Our experiments show significant inherent discrepancies in the resistance to rupture among the three EC brands, with the Ormco^® ECs being significantly more resistant before exposure to external elements. This resistance to rupture was significantly lower on day 28 in all groups. The activated carbon contained in the toothpastes did not significantly affect the value of the rupture point over time, except for Ormco^® ECs, where the group brushed with Dr Organic^® Extra White toothpaste had significantly weakened resistance to rupture compared to the groups exposed to Colgate Max White^® toothpaste, which contains activated carbon, and Colgate Total^® toothpaste, which does not (second null hypothesis rejected).

Transparent ECs have improved the aesthetic aspect of fixed orthodontic appliances. However, ECs are prone to discolouration due to their intrinsic components and the effects of extrinsic factors. Aldrees et al. [26] indicated a reference value of 3.3 ΔE as the threshold for a clinically visible and relevant colour discrepancy. None of the ECs tested reached this level of discolouration. Our investigation concluded that toothpastes altered the EC colour similarly, except for the significantly greater discolouring impact of Dr Organic^® Extra Whitening toothpaste on the Ormco^® and Ortho Classic^® brands of ECs (third null hypothesis rejected); 3M Unitek^® ECs were not affected in this way. This discolouration was not observed with Colgate Max White^® toothpaste, which also contains activated carbon, possibly due to the different levels of activated carbon approved by each manufacturer.
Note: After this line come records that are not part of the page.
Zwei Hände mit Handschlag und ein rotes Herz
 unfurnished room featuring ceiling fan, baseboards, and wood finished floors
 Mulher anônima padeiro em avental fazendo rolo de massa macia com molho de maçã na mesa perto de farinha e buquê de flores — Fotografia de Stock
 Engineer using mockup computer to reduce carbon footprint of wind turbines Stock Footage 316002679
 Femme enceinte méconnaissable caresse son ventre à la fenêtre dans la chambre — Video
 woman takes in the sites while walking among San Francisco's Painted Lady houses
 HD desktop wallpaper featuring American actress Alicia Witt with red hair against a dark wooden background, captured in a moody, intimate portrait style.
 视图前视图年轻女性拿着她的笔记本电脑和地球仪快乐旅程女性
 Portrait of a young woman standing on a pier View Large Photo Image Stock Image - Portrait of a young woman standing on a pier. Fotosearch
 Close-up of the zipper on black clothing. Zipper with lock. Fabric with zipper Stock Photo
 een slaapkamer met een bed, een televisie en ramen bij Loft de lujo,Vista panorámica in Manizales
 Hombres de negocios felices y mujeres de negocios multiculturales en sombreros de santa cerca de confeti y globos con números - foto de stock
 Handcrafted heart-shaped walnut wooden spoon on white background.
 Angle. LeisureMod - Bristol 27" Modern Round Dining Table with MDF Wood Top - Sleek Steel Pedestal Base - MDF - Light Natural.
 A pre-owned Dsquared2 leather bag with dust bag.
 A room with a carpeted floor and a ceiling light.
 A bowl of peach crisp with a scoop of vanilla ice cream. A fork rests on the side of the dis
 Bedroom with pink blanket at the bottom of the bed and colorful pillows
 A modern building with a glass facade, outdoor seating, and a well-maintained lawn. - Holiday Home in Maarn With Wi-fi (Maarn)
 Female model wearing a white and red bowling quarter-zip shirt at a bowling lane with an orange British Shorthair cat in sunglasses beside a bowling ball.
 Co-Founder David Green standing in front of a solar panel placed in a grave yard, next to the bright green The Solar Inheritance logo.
This study indicates that the type of EC material used contributes to their strength decay and resistance to rupture over time. The tensile strength of Ortho Classic^® ECs was the most significantly degraded, regardless of the toothpaste used, compared to the other EC brands. Further in vivo studies are recommended to gain a complete understanding of the elastomeric behaviour of more brands of ECs in the oral cavity, but we were able to show that activated carbon toothpastes have different effects on ECs over time, probably depending on their different compositions. Dr Organic^® Extra Whitening toothpaste, which contains activated carbon, significantly weakened the rupture point and altered the colour of Ormco^® and Ortho Classic^® ECs. Given that the two toothpastes containing activated carbon did not have similar effects, it might be reasonable to advise patients wearing ECs to avoid using toothpastes with bleaching agents when using ECs until further evidence becomes available.

Toothpastes containing activated carbon are relatively new in the market, and few studies have been carried out to investigate their effect on dental materials. Therefore, further research is required. In particular, it would be interesting to evaluate the effect of other whitening toothpastes available in the market on the intrinsic characteristics of the available EC brands.

5. Conclusions

• There are significant discrepancies in tensile strength, rupture point and colour between the three EC brands tested, both before and after their exposure to any toothpaste;
• The material composition of each brand of EC contributes to its strength decay, resistance to rupture and colour change over time;
• The percentage of activated carbon in a toothpaste may be responsible for the variable effects on each brand of EC.